MONTGOMERY VILLAGE, MD.: A July 12 segment of the NBC Today Show made some stark contrasts of defense spending clear. The segment focused on military families living in San Diego. It revealed that many enlisted men and women cannot properly feed their children. Even with military subsidies like base and post housing, post exchanges and commissaries, the salaries of enlisted personnel are not enough to pay for necessary expenses and feed their children. In some cases, adults go hungry to ensure their children are properly fed.
A school principal who was interviewed said that of every ten children receiving free lunches in her school, seven were military dependents. This is not unusual in other cities with a large military presence.
To make ends meet, private agencies – not-for-profits and NGOs – must take up the slack. Many military families depend on assistance from these organizations.

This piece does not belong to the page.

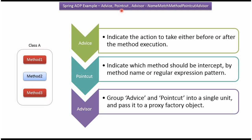This video tutorial will cover Advice, PointCut and Advisor in Spring AOP. Advice indicates the action to take either before or after method execution. PointCut indicates which method should be intercepted by method name or regular expression pattern. A group of Advice and PointCut into a single unit is called Advisor, and we can pass the Advisor into ProxyFactoryObject.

The report featured one family with four children. The father is deployed with the Navy and the mom stays home. They live on a salary of less than $35,000 per year before taxes. The mom is shown loading food into her car.
She laments that this was not a good day. In other words, she does not have enough food to feed herself and her four children.
A back of the envelope calculation
This is in stark contrast to the salaries and bonuses of the CEOs of the 10 largest military contractors. In 2016, their combined salaries were over $160 million. These salaries and other compensation have increased significantly in the last two years. A March 2018 report showed that the total compensation of five of those CEOs had reached $93 million.
This sum is revealed in the first-ever audit of Defense Contractors. The average compensation of those five CEOs is about 550 times the salary of an enlisted person.
What are we getting for those big salaries?
The compensation to these CEOs, one would expect, is for the acquisition and proper fulfillment of the contracts for armaments and services to our military. The payment is part of the roughly $700 billion dollars allocated to the military in our yearly budget.
A mid-level (E6) Non-Commissioned-Officer (NC0) in the Army receives $30,552 per year. If his benefits cost the government another $30,000, his net cost is $60,552, rounded to $60,000. The size of our military counting active duty (1.43 million) and reserves (1.1 million) is 2.53 million. Assuming an average of $60,000 per soldier we get around $151 billion, round to $150 billion.
So, the military-industrial complex gets a big bite of $5.5b of every $7b allocated to defense. Our soldiers receive only $1.5 for every $7b dollars allocated. Meaning that of the budget, $5.5b goes for contractors and other expenses. No wonder many cannot feed their children with their salaries.
Politicians good to the Military-INdustrial complex, not soldiers or their families
So, when you hear politicians clamoring how good they are to the military, remember that what they mean is the military-industrial complex, not our heroes risking their lives for us, and their families.
This situation precedes Trump and just about any president since the 1950s. It has never changed enough to be acceptable.